== EXERCISE GOAL ==
When you reach the line with "Piso en alquiler" in the listing below, transcribe it and each line after it up to and including the line with "Full leaked Vanessa", exactly and with nothing else.

== INFORMATION ==
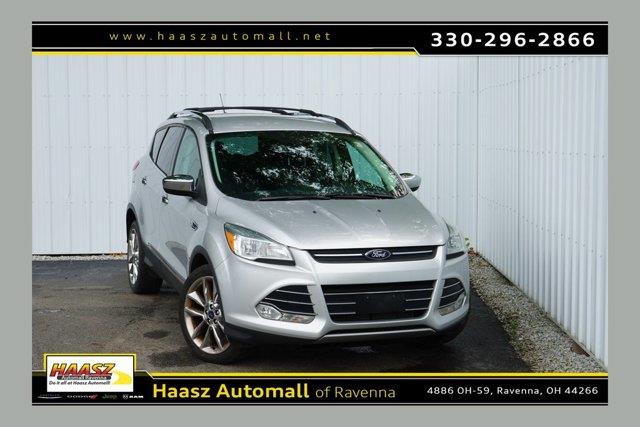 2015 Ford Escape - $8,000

==

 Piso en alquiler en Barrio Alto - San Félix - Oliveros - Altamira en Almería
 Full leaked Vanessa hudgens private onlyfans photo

---

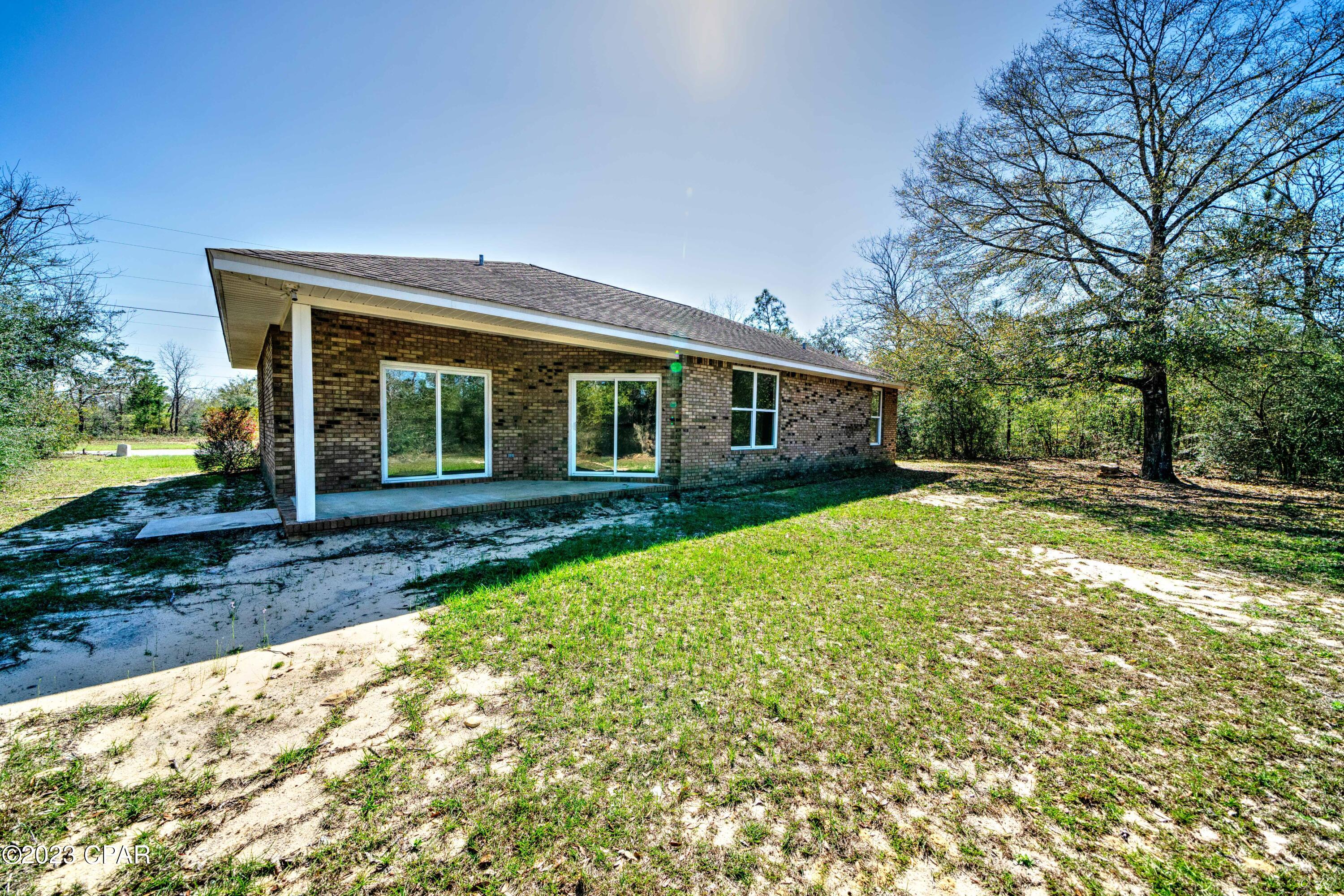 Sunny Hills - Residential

== RESULT FOR THIS TASK ==
 Piso en alquiler en Barrio Alto - San Félix - Oliveros - Altamira en Almería
 Full leaked Vanessa hudgens private onlyfans photo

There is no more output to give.